%%
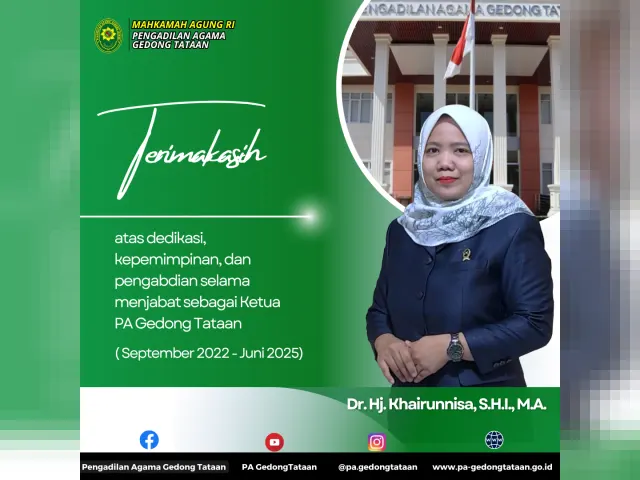 Kartu ucapan Pengadilan Agama Gedong Tataan (foto 42 dari 73)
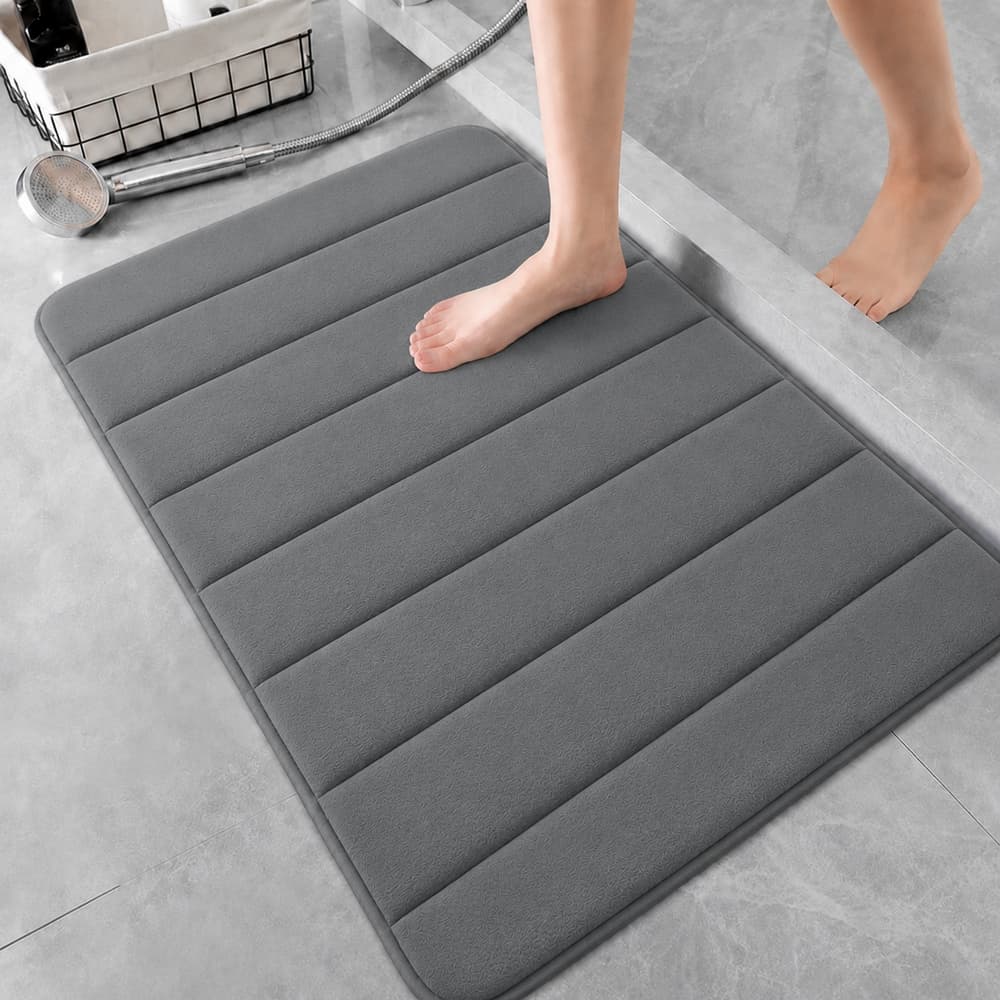 Tapete Soft Ultra Macio Antiderrapante, Super Absorvente para Banheiro, Sala e Quarto com Conforto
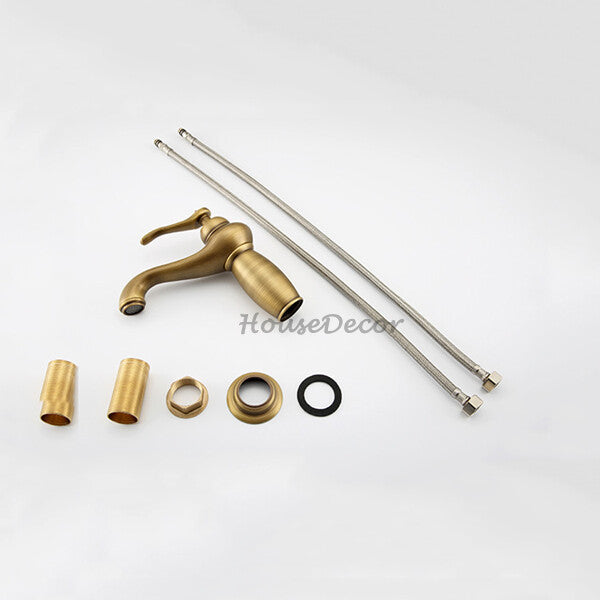 Antique Brass bath shower mixer tap detailed product view detail view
%%
#### WORK ORDER
A word-for-word copy of the data, without its pictures, is what is needed.

#### EXERCISE ANSWER
 Kartu ucapan Pengadilan Agama Gedong Tataan (foto 42 dari 73)
 Tapete Soft Ultra Macio Antiderrapante, Super Absorvente para Banheiro, Sala e Quarto com Conforto
 Antique Brass bath shower mixer tap detailed product view detail view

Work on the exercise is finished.